Data:
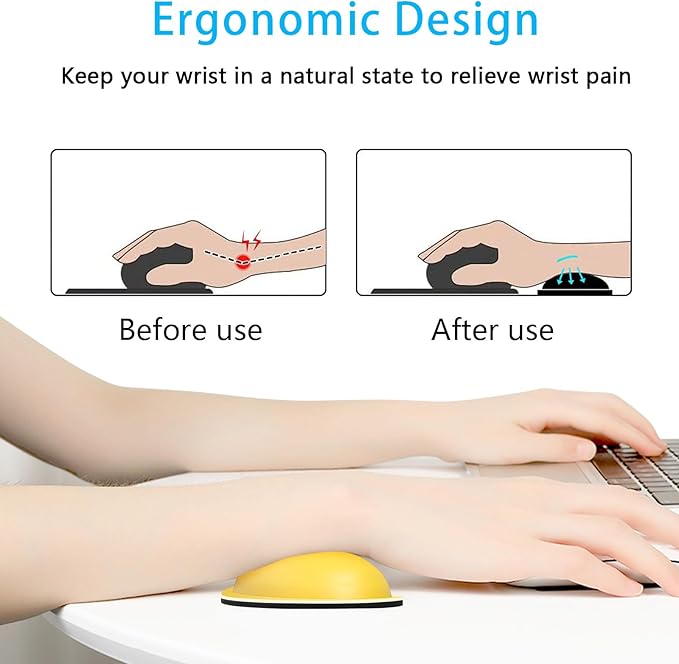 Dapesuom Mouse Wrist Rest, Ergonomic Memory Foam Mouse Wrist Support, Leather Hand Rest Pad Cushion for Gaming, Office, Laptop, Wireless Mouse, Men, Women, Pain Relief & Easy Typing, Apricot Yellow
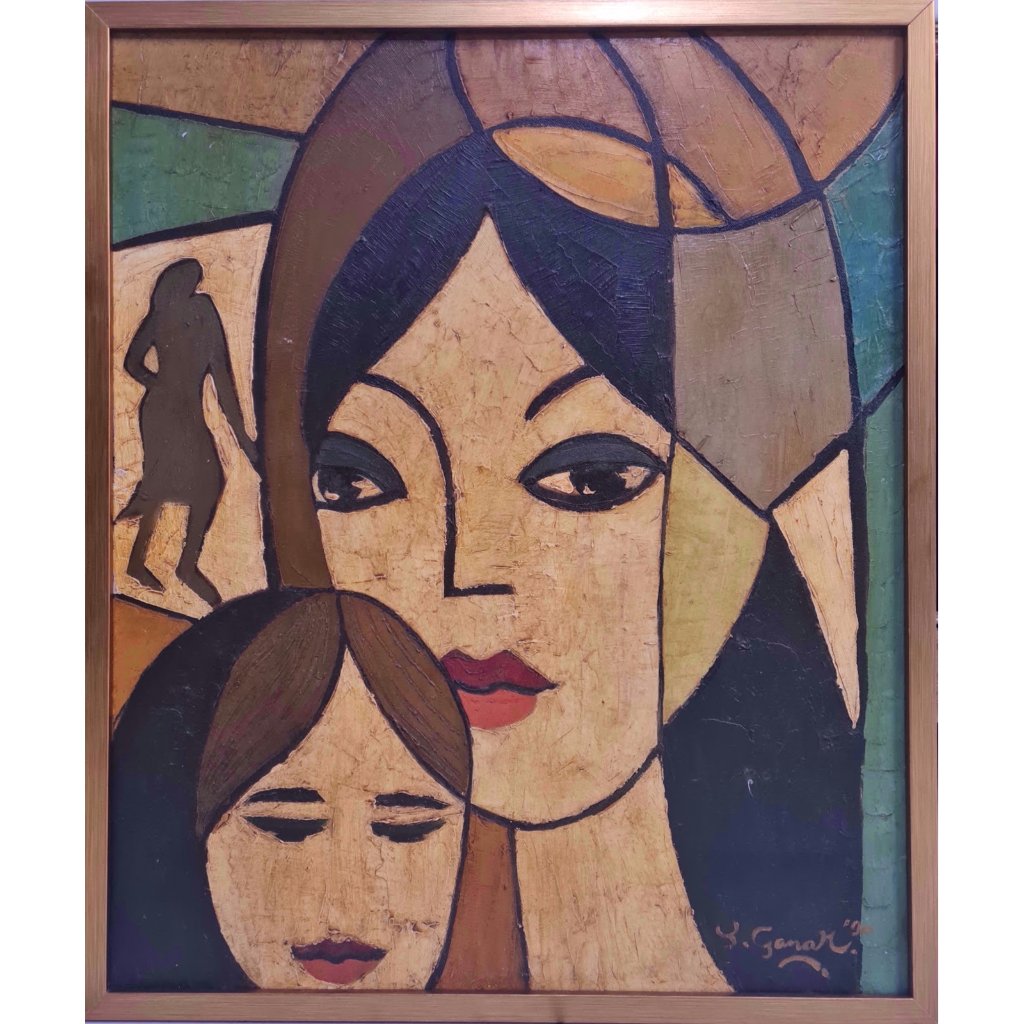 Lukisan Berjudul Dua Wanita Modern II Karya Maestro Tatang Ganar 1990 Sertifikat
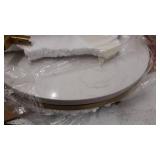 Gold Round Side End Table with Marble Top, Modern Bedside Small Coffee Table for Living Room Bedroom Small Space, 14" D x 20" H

==

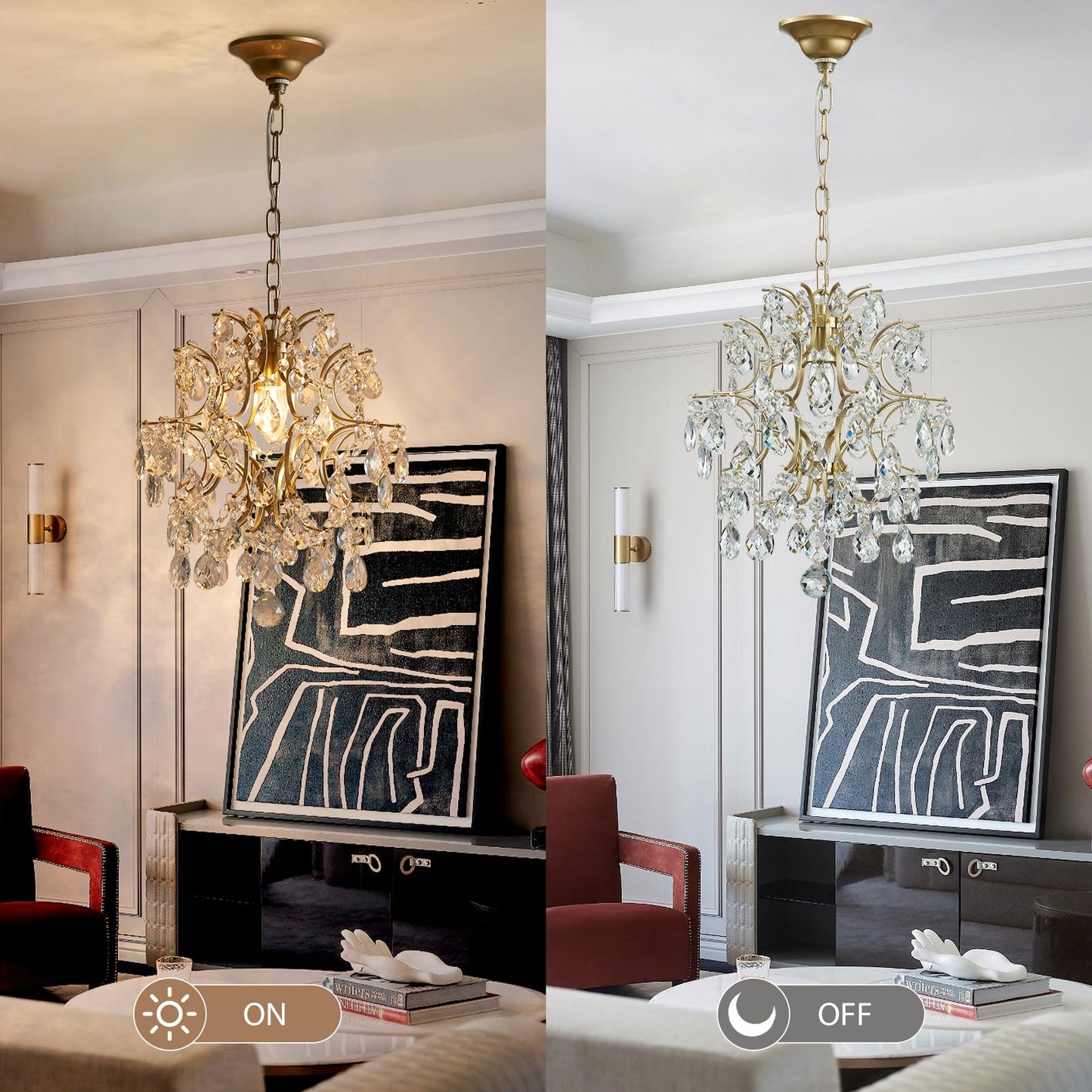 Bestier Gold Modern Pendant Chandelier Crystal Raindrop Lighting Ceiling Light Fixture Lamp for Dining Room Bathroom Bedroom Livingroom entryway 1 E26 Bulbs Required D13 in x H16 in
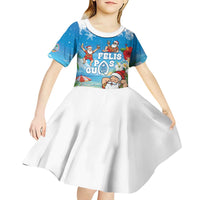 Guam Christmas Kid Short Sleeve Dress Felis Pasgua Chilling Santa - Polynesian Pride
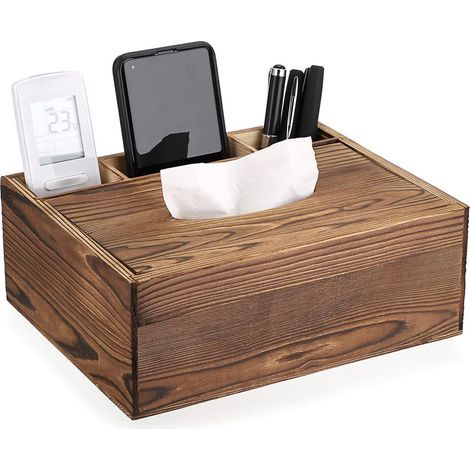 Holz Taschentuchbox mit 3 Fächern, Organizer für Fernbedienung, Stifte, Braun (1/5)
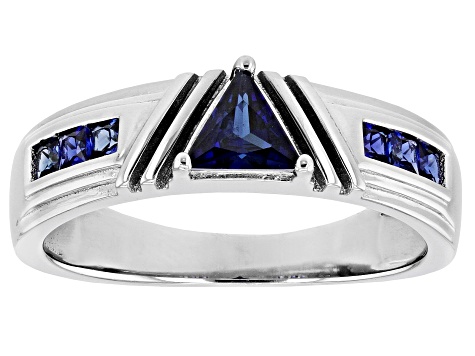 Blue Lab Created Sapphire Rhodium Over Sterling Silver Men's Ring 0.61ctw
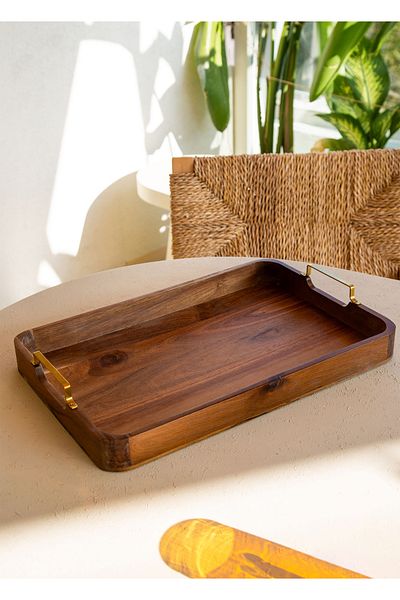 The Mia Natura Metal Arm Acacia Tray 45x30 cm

Your task: When copying from the data above, print only the lines from the line containing "Dapesuom Mouse Wrist" to the line containing "Gold Round Side", exactly, and leave the pictures out.

Solution for this problem:
 Dapesuom Mouse Wrist Rest, Ergonomic Memory Foam Mouse Wrist Support, Leather Hand Rest Pad Cushion for Gaming, Office, Laptop, Wireless Mouse, Men, Women, Pain Relief & Easy Typing, Apricot Yellow
 Lukisan Berjudul Dua Wanita Modern II Karya Maestro Tatang Ganar 1990 Sertifikat
 Gold Round Side End Table with Marble Top, Modern Bedside Small Coffee Table for Living Room Bedroom Small Space, 14" D x 20" H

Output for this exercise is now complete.